The lake and shoreline wetlands are a critical staging area along the North American Pacific Flyway. During peak migration, as many as 1.5 million shoreline birds have stopped at the lake. The Great Salt Lake also is an important economic driver, contributing approximately $1.3 billion to the Utah annual gross domestic product through aquaculture, recreation, and industrial activities such as mineral extraction and processing.

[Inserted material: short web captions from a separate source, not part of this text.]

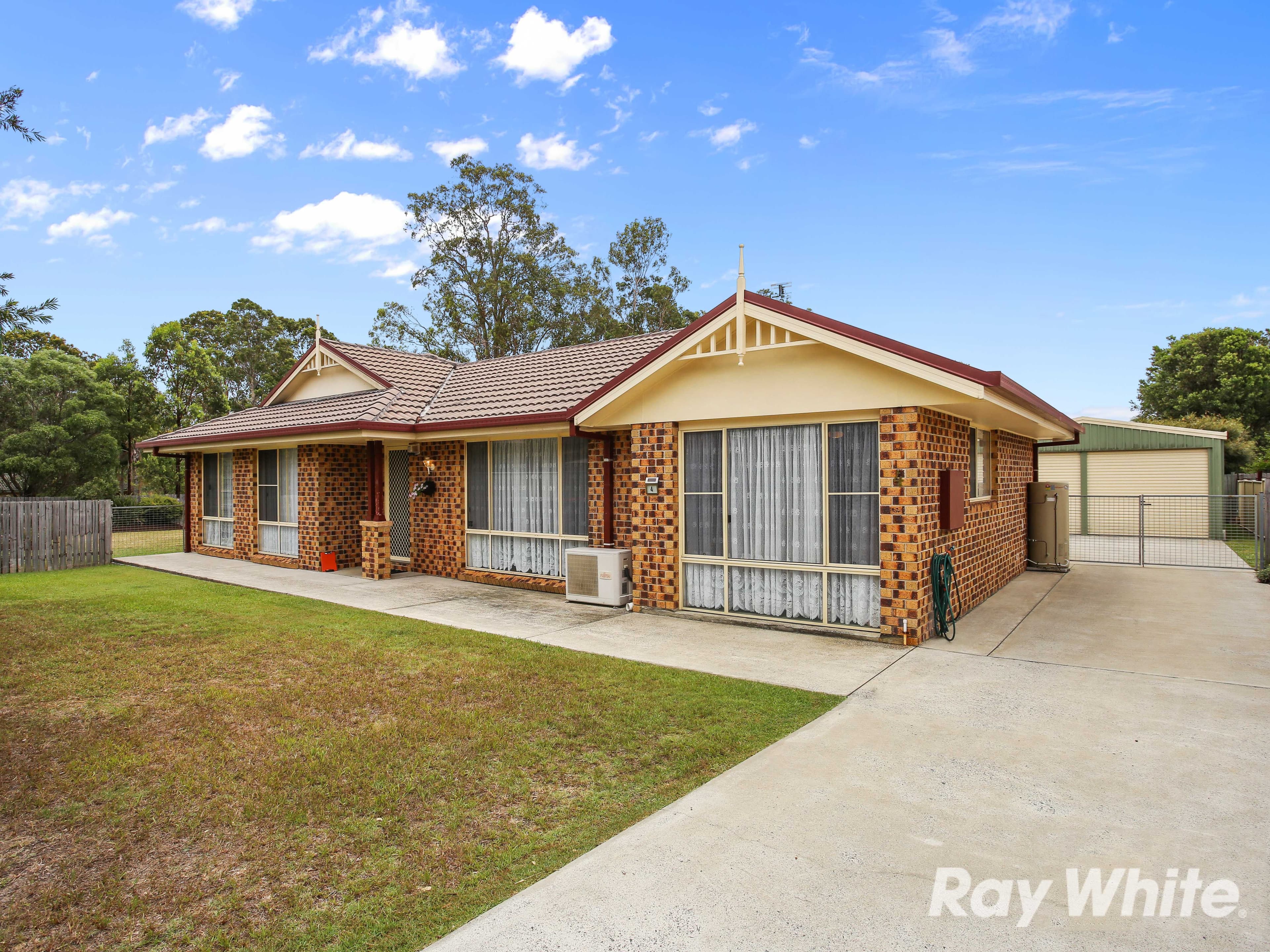 4 Casuarina Close, Coutts Crossing - Image 1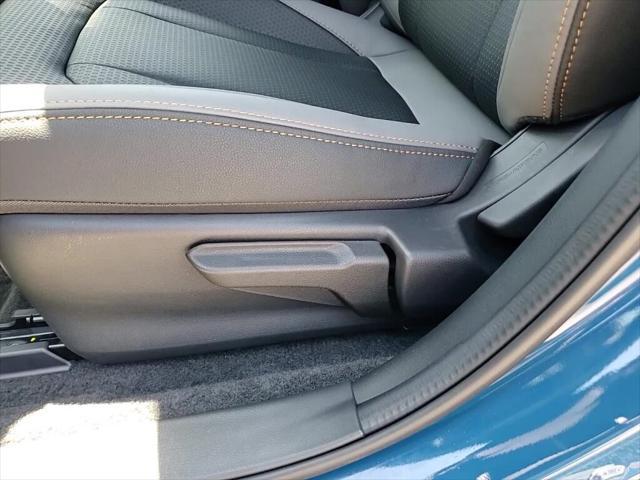 new 2025 Subaru Crosstrek car, priced at $33,944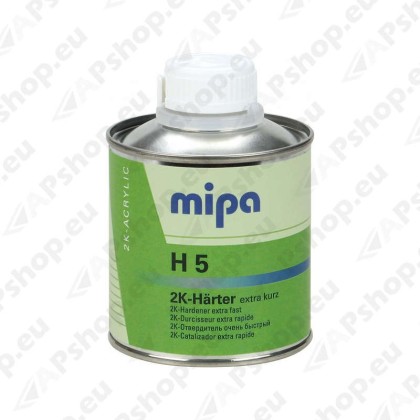 MIPA 2K H5 HÄRTER/KÕVENDI EXTRA KIIRE 250ML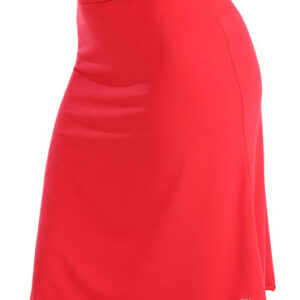 Dámská červená sukně Litex 5F017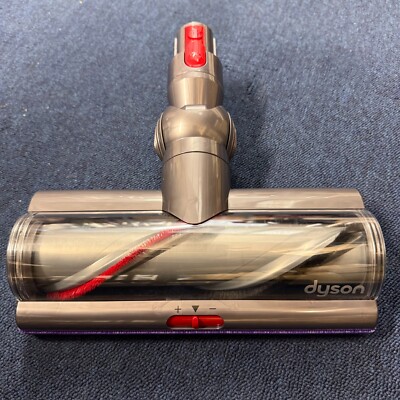 DYSON ORIGINAL V8 V10 V11 V15 DETECT DREHMOMENTANTRIEB MOTORKOPF STAUBSAUGER BODENBÜRSTE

In 1959, a rock-fill railroad causeway was constructed across the middle of the Great Salt Lake. The construction of the causeway divided the lake into two parts; the north (Gunnison Bay) and the south (Gilbert Bay). Some water is conveyed through the causeway via engineered openings and the causeway material, depending on permeability. Because the south part of the lake receives almost all freshwater inflows, the salinity of Gunnison Bay is greater than the salinity of Gilbert Bay. Owing to its lower salinity, Gilbert Bay supports an ecosystem rich with brine shrimp and brine flies that attract millions of migratory birds and waterfowl as they travel the Central Flyway.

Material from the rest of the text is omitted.